When considering the patient population irrespective of age, the rectum (43.81%) and ascending colon (14.85%) emerged as the most common locations for malignant neoplasms. These were followed by the rectosigmoid junction (9.41%), transverse colon (9.16%), hepatic flexure (7.05%), splenic flexure (6.06%), descending colon (5.94%), and cecum (3.71%) (Figure 2).

3.2. Body Mass Index Analysis

The study also analyzed the BMI across the three age groups. Patients were categorized based on their BMI into three groups: normal weight (NW: 18.5–24.9), overweight (OW: 25–29.9), and obese (OB: 30+). All obesity subgroups were combined into one larger group.
Significant differences were found in the BMI across the age groups, specifically in the normal weight (p = 0.022) and overweight (p = 0.015) categories. However, the obese category showed no statistically significant difference across the age groups (p = 0.16) (Table 2, Figure 3).
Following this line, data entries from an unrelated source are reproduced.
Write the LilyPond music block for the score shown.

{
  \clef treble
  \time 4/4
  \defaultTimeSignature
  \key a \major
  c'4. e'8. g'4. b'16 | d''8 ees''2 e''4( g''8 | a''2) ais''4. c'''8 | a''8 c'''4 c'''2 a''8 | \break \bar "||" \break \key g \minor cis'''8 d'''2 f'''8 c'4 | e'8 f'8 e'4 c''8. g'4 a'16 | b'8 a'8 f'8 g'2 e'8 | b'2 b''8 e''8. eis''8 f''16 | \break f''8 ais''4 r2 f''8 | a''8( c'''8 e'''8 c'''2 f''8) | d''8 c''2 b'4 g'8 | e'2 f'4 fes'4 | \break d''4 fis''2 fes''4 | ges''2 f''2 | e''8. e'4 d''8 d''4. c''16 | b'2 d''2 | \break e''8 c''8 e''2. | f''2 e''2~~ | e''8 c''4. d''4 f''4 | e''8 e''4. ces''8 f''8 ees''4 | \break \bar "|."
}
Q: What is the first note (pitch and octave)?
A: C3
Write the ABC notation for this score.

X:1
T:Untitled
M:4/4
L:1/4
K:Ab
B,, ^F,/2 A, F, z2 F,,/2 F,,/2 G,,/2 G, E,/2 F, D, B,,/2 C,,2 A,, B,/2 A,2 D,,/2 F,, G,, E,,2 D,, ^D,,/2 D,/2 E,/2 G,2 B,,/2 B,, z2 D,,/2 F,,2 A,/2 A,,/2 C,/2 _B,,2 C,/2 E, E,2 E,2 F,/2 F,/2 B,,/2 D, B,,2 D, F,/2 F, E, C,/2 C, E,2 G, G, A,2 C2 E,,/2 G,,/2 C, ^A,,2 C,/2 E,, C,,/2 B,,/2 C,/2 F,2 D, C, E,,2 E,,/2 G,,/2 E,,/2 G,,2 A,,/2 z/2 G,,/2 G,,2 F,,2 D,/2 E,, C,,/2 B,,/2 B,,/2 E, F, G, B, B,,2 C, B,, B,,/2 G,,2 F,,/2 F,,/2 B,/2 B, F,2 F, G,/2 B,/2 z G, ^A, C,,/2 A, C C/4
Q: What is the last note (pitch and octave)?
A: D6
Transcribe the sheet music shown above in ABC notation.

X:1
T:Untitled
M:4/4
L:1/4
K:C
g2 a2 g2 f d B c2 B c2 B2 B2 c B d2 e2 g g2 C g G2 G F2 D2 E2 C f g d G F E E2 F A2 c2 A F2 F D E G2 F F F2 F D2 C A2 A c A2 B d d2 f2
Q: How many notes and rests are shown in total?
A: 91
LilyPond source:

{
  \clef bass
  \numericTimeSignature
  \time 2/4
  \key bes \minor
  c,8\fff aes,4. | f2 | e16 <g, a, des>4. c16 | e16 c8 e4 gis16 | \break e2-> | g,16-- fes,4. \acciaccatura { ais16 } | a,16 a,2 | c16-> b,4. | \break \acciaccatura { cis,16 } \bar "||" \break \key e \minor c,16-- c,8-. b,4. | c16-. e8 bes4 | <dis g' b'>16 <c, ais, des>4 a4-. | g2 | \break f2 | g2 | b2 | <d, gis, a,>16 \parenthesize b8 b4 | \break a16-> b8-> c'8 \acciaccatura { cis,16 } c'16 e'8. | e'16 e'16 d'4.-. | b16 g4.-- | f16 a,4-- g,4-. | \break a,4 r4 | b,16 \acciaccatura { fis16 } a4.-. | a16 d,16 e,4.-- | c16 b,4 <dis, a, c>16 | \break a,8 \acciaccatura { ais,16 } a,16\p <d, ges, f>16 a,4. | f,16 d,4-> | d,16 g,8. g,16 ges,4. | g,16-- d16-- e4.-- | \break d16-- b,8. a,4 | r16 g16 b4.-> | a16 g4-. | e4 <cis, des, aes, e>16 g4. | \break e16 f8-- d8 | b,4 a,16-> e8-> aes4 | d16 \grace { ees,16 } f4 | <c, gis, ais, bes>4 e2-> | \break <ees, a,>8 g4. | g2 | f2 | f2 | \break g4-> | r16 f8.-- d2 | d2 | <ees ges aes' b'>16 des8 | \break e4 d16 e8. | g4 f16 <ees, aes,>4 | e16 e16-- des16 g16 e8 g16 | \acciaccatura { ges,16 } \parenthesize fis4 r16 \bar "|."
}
3.3. BMI and Cancer Stages

We further investigated the correlation between BMI categories and different stages of colorectal cancer (Stage 1 to Stage 4). A statistically significant association emerged between the BMI category and cancer stages for Stage 3 (p = 0.02) and Stage 4 (p = 0.002). In particular, Stage 3 cancer showed a higher proportion of obese patients, while Stage 4 cancer showed a higher proportion of normal weight patients (Table 3).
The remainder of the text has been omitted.